■ **GIVEN INFORMATION**:
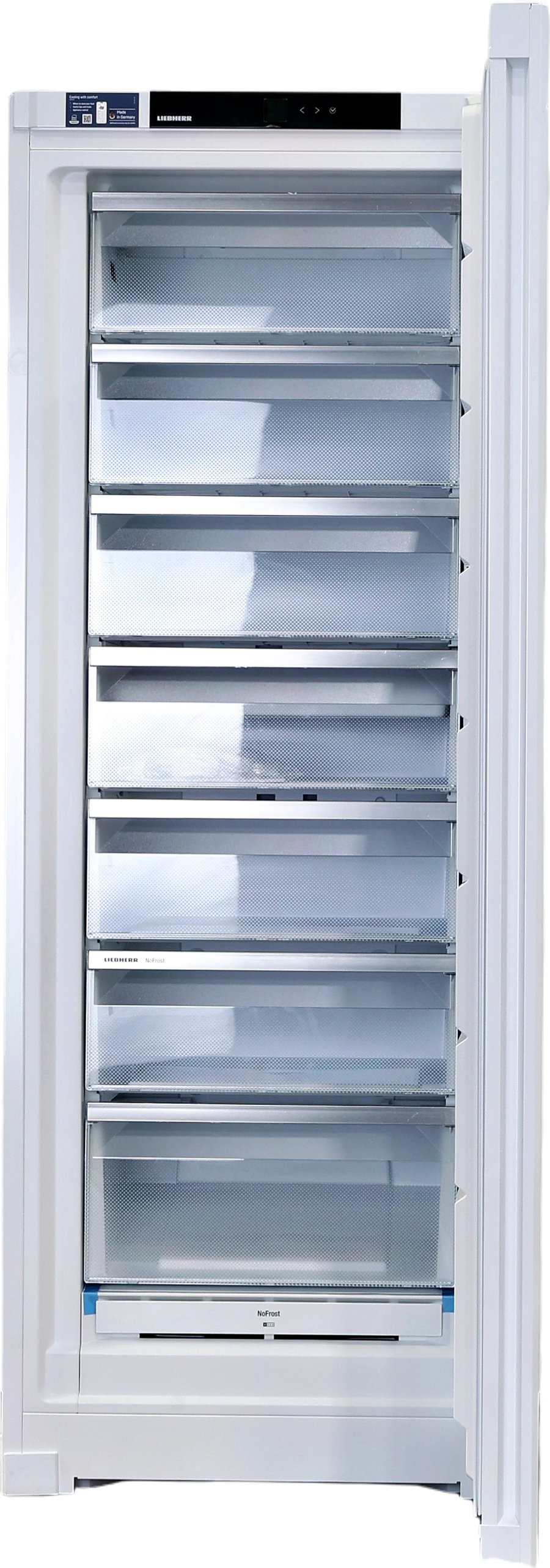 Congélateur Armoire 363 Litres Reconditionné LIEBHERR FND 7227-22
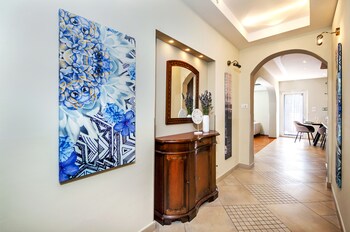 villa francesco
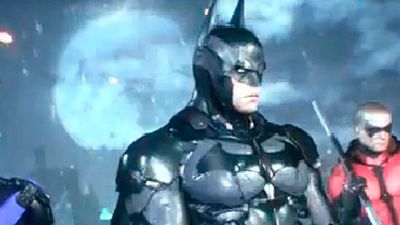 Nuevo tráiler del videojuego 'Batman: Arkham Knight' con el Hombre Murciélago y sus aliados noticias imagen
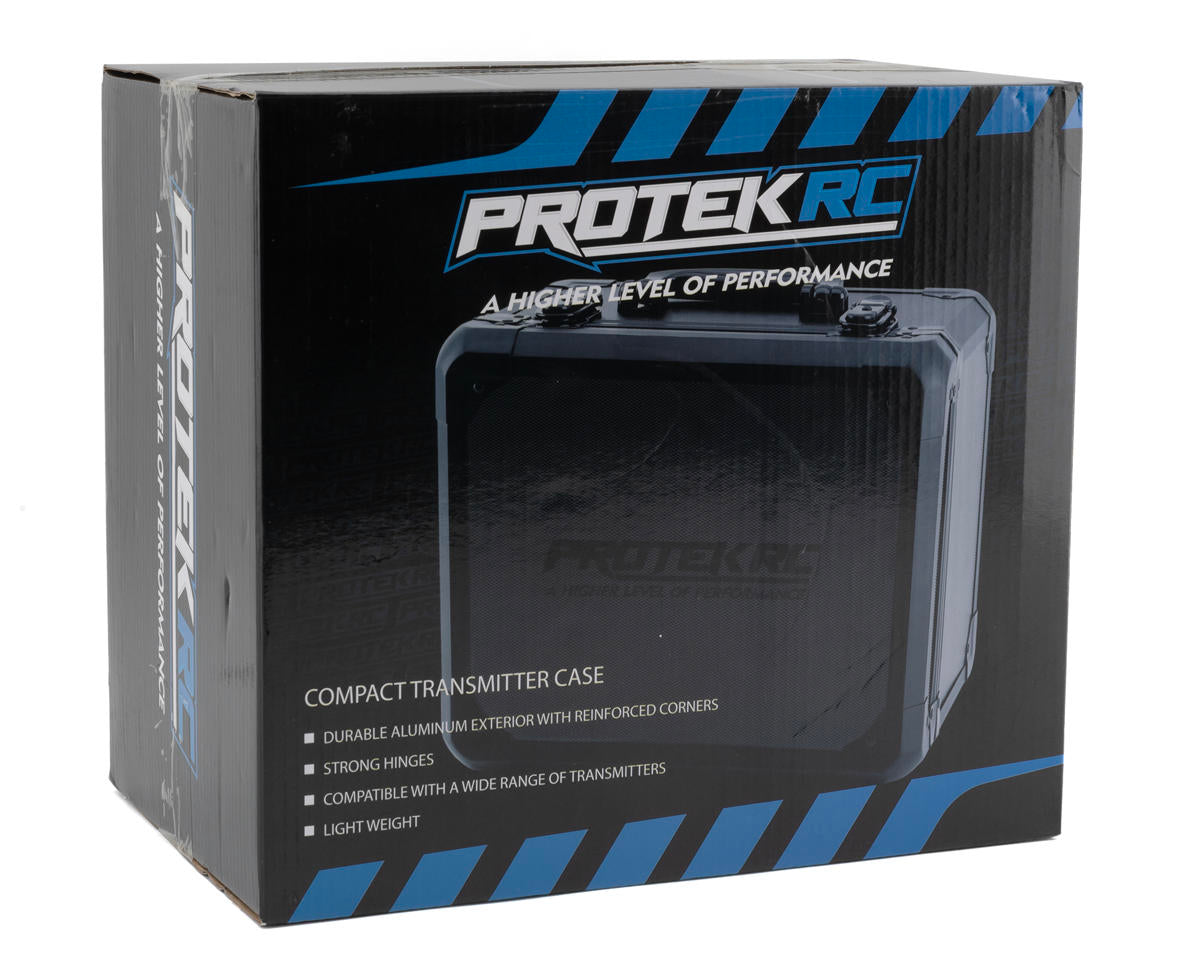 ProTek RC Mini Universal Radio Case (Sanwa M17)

■ **PROBLEM REQUIREMENTS**: Everything in the data except the pictures should be restated word for word.

■ **TASK OUTPUT**:
 Congélateur Armoire 363 Litres Reconditionné LIEBHERR FND 7227-22
 villa francesco
 Nuevo tráiler del videojuego 'Batman: Arkham Knight' con el Hombre Murciélago y sus aliados noticias imagen
 ProTek RC Mini Universal Radio Case (Sanwa M17)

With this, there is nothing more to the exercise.